Lessons from late founding a tech debt ridden online startup | Inverted Tree
Lessons from late founding a tech debt ridden online startup
April 7, 2025 · 16 min · Navdeep Saini
Note: This post was not reviewed/edited/written by any LLM/“AI”.
Prelude#
Prior to joining Widgetic I was a Java/Android developer turned Node.js / backend developer, had worked at a Swiss cryptocurrency startup as a backend/desktop developer, and had built more than a few MVPs in the years prior(mobile apps, electron apps etc but not a full stack application). At this point I was relatively inexperienced with web technologies and wanted to work at a product company to understand how these skills/eager learning attitude translated into the real world, especially in the challenging world of business/startups. I coveted more learning and responsibility, so when an opportunity came along to work at Widgetic, I was more than happy jump on it!

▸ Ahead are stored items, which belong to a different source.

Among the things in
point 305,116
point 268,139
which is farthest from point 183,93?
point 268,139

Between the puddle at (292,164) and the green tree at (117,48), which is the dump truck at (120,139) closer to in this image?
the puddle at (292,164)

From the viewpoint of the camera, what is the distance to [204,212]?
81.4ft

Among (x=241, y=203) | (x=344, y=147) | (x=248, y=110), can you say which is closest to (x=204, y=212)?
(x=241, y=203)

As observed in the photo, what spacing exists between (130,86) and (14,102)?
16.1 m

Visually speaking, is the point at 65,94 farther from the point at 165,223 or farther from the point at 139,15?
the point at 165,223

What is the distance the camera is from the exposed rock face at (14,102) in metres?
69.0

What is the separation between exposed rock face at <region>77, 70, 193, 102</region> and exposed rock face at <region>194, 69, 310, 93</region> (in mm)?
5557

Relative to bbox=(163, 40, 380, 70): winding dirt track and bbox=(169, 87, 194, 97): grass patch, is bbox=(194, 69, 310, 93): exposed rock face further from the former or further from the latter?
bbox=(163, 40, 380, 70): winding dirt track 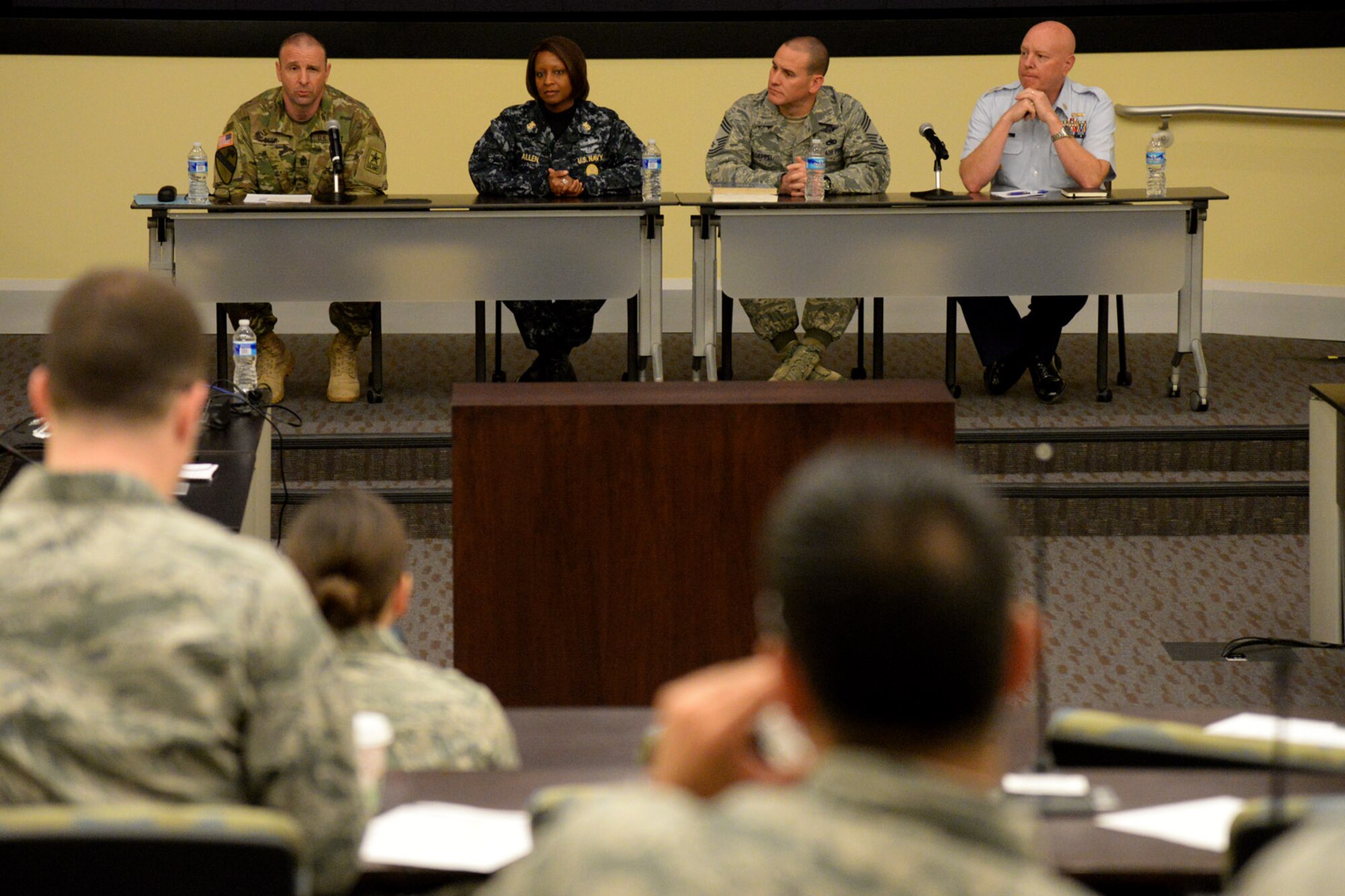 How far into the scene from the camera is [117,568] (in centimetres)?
140

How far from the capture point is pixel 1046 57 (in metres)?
5.62

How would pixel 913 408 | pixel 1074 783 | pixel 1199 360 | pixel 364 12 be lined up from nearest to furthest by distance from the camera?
1. pixel 1074 783
2. pixel 913 408
3. pixel 1199 360
4. pixel 364 12

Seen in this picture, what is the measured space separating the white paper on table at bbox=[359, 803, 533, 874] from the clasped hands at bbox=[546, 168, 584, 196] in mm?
3945

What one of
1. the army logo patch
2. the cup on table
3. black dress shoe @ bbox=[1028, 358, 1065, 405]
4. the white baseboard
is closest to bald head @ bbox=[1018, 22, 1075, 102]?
black dress shoe @ bbox=[1028, 358, 1065, 405]

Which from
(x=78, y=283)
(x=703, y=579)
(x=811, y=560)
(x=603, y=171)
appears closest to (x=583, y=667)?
(x=703, y=579)

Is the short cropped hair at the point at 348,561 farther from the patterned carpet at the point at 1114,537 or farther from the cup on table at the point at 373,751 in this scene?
the patterned carpet at the point at 1114,537

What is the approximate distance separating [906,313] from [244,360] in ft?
11.9

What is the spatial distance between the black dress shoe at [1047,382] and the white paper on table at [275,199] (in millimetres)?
2480

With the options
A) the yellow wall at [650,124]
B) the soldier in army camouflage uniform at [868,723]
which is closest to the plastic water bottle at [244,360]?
the yellow wall at [650,124]

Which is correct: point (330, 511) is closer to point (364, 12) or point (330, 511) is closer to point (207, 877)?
point (207, 877)

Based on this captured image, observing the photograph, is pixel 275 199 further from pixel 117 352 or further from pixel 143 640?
pixel 143 640

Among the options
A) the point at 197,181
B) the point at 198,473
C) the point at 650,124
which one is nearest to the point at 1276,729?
the point at 198,473

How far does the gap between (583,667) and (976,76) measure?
470 cm

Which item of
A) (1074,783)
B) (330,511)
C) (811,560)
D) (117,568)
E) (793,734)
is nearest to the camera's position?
(811,560) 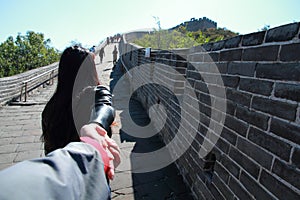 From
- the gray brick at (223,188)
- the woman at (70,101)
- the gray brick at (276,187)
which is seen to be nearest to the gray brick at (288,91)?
the gray brick at (276,187)

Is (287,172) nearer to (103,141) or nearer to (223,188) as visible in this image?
(223,188)

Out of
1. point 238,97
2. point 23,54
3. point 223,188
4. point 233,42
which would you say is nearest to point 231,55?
point 233,42

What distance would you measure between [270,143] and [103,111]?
1108 mm

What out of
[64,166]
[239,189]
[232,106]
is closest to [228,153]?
[239,189]

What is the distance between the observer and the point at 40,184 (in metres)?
0.49

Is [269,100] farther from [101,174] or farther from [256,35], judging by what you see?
[101,174]

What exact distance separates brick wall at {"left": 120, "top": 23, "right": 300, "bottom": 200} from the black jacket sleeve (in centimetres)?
104

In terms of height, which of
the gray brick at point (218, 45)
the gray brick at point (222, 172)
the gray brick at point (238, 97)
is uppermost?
the gray brick at point (218, 45)

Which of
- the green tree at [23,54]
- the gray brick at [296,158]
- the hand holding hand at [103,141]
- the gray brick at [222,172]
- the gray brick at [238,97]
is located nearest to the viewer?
the hand holding hand at [103,141]

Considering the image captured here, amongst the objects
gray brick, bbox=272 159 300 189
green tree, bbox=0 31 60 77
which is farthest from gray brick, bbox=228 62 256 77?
green tree, bbox=0 31 60 77

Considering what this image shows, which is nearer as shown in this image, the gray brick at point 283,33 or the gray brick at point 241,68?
the gray brick at point 283,33

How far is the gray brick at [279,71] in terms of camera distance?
3.40 ft

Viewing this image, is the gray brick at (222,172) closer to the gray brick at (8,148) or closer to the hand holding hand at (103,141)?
the hand holding hand at (103,141)

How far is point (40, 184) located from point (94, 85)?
131cm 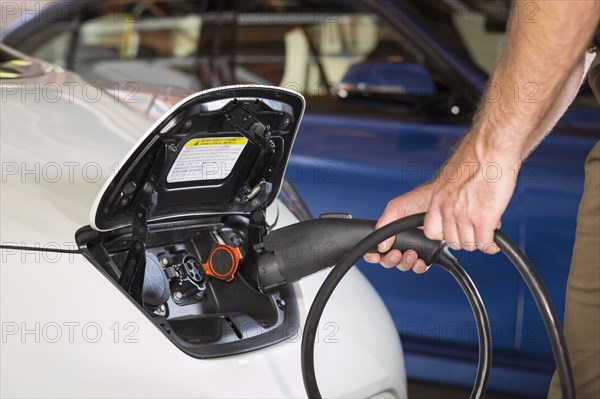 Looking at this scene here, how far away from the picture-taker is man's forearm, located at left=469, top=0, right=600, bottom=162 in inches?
48.2

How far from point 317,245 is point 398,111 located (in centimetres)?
180

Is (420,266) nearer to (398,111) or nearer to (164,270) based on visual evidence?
(164,270)

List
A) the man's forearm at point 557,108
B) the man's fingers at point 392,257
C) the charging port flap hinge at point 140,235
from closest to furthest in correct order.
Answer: the man's forearm at point 557,108, the man's fingers at point 392,257, the charging port flap hinge at point 140,235

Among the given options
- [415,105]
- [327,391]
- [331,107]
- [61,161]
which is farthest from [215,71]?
[327,391]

I joined Widgetic in 2019 as a backend/devops developer and employee no. 3 - the other two team members - an iOS turned frontend/javascript developer and a product manager. The team was fully remote with members in India(myself), Romania, and Spain. To protect their privacy, I have referred to my colleagues with their initials - AP(product manager) and AN.
Introduction#
Widgetic emerged at at a web development agency in Iasi, Romania after they received multiple requests by different clients for similar kinds of websites sections like image carousels, image hotspots, lightweight audio players, video players etc. They decided to call them widgets. Right from the get go, they understood that website builder platforms like Wix, Weebly, Shopify etc were open to third party “plugins” where the widgets could be sold for monthly/yearly subscriptions. With the semblance of a product emerging, the web agency was wound down and was left with 3 people - a product lead, a frontend developer and myself, a backend+devops engineer (at this point I only knew node.js / hapi.js / REST/ postgresql /linux and that was enough as far as requirements went for the role). Widgets were served as iframes to client websites and integrations with different website builders provided a way to customize the widgets and embed them directly onto the client platform generated websites via native/“raw” web builder interfaces.
Tech Debt: Origins and Lifecycle#
Nothing can be said about Widgetic without talking about the technical debt. As alluded to earlier, the antecedent to Widgetic was this web agency that decided to abstract out the frequent requests for same sort of functional websites into pluggable “widgets”. Since this was a relatively successful agency, they had a lot of interns coming in; who were eventually assigned the work of building these widgets, as a way of contributing and learning new frameworks. The interns were apparently given developer freedom to choose a framework, and interestingly, eventually all the codebases started diverging on framework/ library choice with the prevailing technologies of the time(circa 2014 iirc), including-
coffeescript
backbone.js
spine.js
svelte 1,2
angular 1, 2
react
As the widgets started materializing the agency owners were quick to start integrating with website builder platforms. However, these integrations were developed haphazardly, to reduce the time to GTM(as I reflected on this later, this was great choice business wise because they reached ramen profitability quickly). There was no architectural planning - interns/employees were building integrations and a dedicated veteran of the agency was assigned to build the “GCD” of the widget server, a massive monolith. Now all of this is far from ideal world of careful planning, architecting, securing and provisioning but this wasn’t a complete disaster too - things worked gracefully most of the time(we didn’t really measure the uptime but there was no significant downtitme either). Also, a dedicated app was created with an editor to help non integration users to create and configure widget specifications directly and then these be embedded on any html website from the embed code generated there. So, the backend integrations were created to ease the distribution on the web builder / ecommerce platforms, but with different node.js based micro applications that would basically implement oauth and other necessary functionality to bring these widgets to sale. Here’s what the comprehensive technical stack comprised of when I joined-
node.js + express.js/ hapi.js/ koa.js
php+symfony
mongodb 2.4.x/sqlite
Vagrant based dev env
Varnish cache
digitalocean
Unfortunately, the lead developer who had created the monolith backend left the agency after creating the meat of the system with proper tests and some decoupled documentation. This is the exact point in time that I joined. I had no idea what I was signing up for, never even had heard the...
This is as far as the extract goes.